|
|
|
|
|
by dataflow
699 days ago
|
|
Oh I see. I've found LSD better in some cases, but maybe it's just my implementation. For MSD, do you get a performance hit from putting your stack on the heap (to avoid overflow on recursion)? I don't just mean the minor register vs. memory differences in the codegen, but also the cache misses & memory pressure due to potentially long input elements (and thus correspondingly large stack to manage). > Some cutting-edge radix sorts Where do you find these? :-) |
|
I'm not sure. My original C++ implementation which is for non-adversarial inputs puts the array containing histograms and indices on the heap but uses the stack for a handful of locals, so it would explode if you passed the wrong thing. The sort it's based on in the parallel-string-sorting repo works the same way. Oops!
> cache misses & memory pressure due to potentially long input elements (and thus correspondingly large stack)

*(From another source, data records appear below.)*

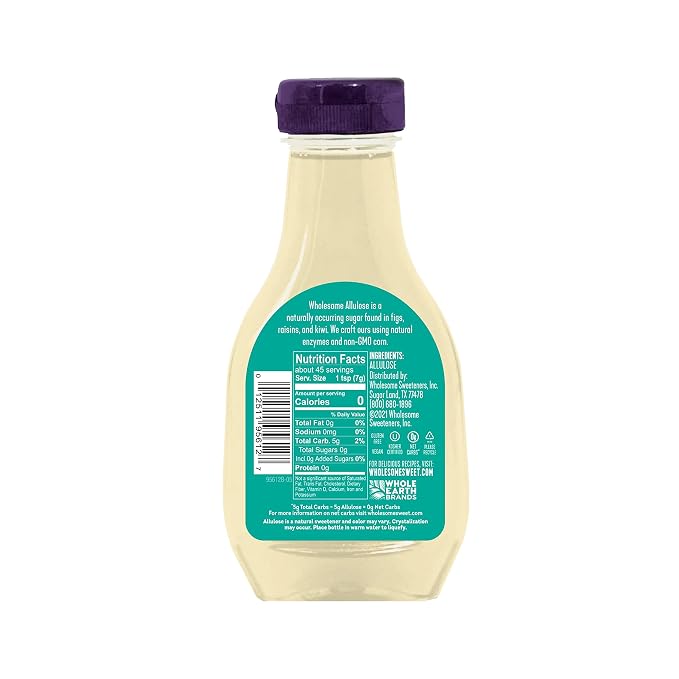 Wholesome Sweeteners 11.5-Ounce Allulose, Zero Calorie Sweetener, Keto Friendly, Non GMO, Non-Erythritol, Gluten Free & Vegan Liquid Sweetener, 1 Pack
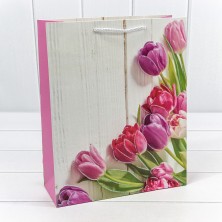 Пакет подарочный с блёстками "Тюльпаны" (микс 312) 26*32*10 210г 1/20 1/240 Арт: 000312C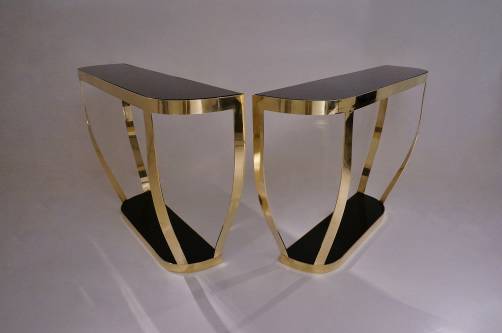 Pair console tables, solid brass with black glass & shelf, Italian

I think this should be okay? The best of these sorts try to visit the actual strings infrequently. You'd achieve worst-case cache performance by passing a pretty large number of strings with a long, equal prefix. Ideally these strings would share the bottom ~16 bits of their address, so that they could evict each other from cache when you access them. See https://danluu.com/3c-conflict/
> Where do you find these? :-)
There's a list of cool sorts here https://github.com/scandum/quadsort?tab=readme-ov-file#varia... and they are often submitted to HN.